**Task directions:** Please restate word for word the lines of the entries below from the one with "Following the incubation" to the one with "When expressing guide", inclusive, and leave out every picture.

**Records supplied:**
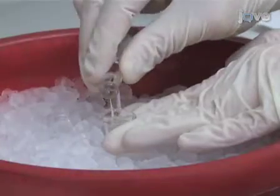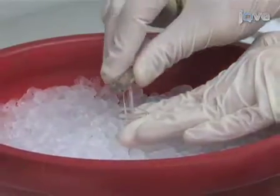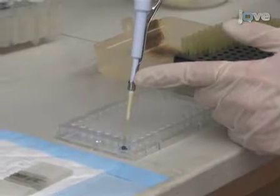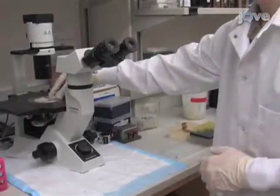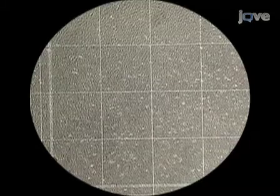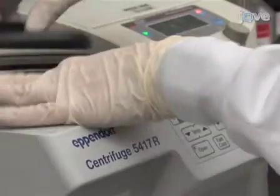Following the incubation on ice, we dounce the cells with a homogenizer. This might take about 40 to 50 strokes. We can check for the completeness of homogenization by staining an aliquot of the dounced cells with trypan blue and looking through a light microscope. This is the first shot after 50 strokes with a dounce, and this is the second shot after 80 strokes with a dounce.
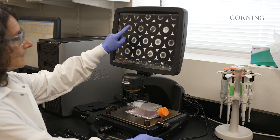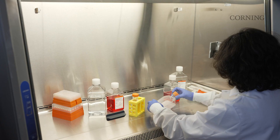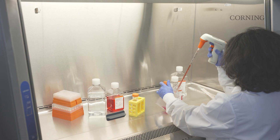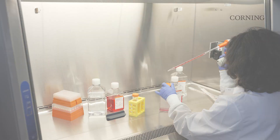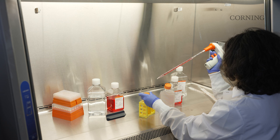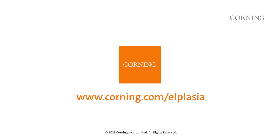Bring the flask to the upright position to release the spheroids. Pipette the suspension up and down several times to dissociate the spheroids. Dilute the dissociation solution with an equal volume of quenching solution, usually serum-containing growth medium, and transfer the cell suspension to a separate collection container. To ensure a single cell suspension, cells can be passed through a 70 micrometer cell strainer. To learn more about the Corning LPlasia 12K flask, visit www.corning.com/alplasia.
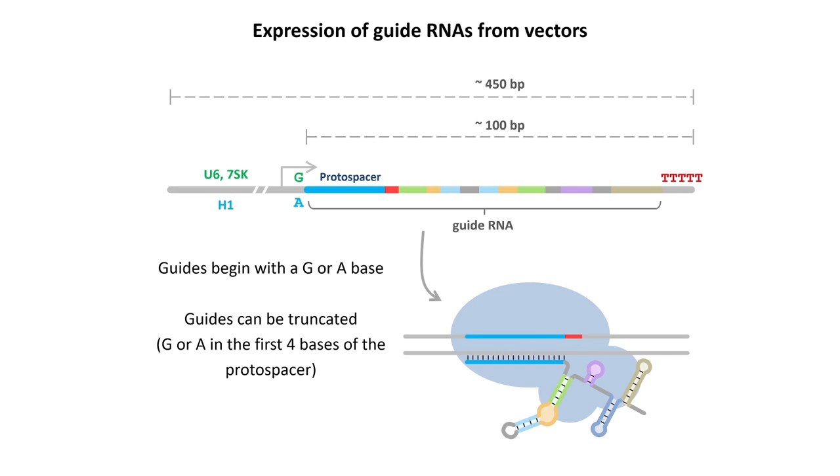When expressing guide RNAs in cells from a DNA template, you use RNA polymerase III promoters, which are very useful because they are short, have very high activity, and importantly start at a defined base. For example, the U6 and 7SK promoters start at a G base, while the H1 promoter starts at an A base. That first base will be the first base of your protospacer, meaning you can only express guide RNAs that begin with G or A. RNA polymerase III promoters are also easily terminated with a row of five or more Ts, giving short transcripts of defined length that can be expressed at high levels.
---
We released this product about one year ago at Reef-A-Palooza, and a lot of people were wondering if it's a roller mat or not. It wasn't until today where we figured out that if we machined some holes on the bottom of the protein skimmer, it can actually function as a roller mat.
---
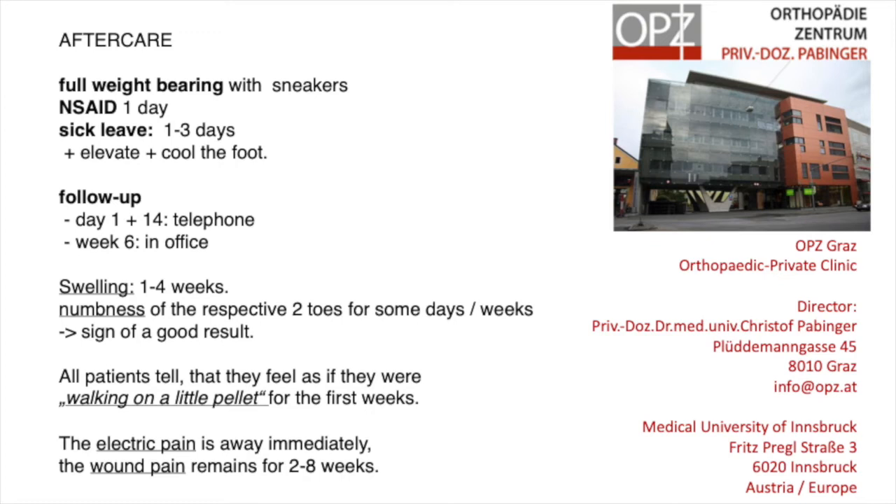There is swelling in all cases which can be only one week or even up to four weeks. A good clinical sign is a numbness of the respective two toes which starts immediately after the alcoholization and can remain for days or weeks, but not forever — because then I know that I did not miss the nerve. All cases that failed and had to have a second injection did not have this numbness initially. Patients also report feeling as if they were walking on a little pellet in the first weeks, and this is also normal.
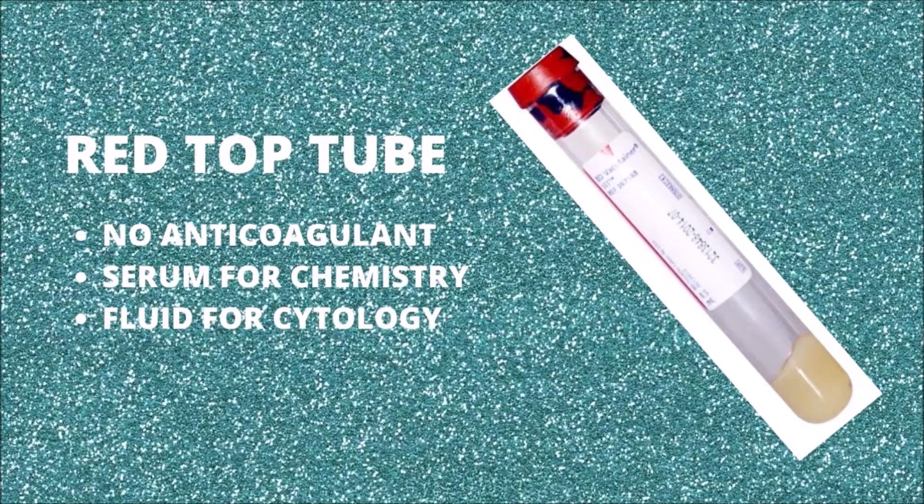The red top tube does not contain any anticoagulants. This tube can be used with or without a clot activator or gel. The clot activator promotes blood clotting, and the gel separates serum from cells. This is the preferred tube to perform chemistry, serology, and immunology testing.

**Exercise answer:**
Following the incubation on ice, we dounce the cells with a homogenizer. This might take about 40 to 50 strokes. We can check for the completeness of homogenization by staining an aliquot of the dounced cells with trypan blue and looking through a light microscope. This is the first shot after 50 strokes with a dounce, and this is the second shot after 80 strokes with a dounce.
Bring the flask to the upright position to release the spheroids. Pipette the suspension up and down several times to dissociate the spheroids. Dilute the dissociation solution with an equal volume of quenching solution, usually serum-containing growth medium, and transfer the cell suspension to a separate collection container. To ensure a single cell suspension, cells can be passed through a 70 micrometer cell strainer. To learn more about the Corning LPlasia 12K flask, visit www.corning.com/alplasia.
When expressing guide RNAs in cells from a DNA template, you use RNA polymerase III promoters, which are very useful because they are short, have very high activity, and importantly start at a defined base. For example, the U6 and 7SK promoters start at a G base, while the H1 promoter starts at an A base. That first base will be the first base of your protospacer, meaning you can only express guide RNAs that begin with G or A. RNA polymerase III promoters are also easily terminated with a row of five or more Ts, giving short transcripts of defined length that can be expressed at high levels.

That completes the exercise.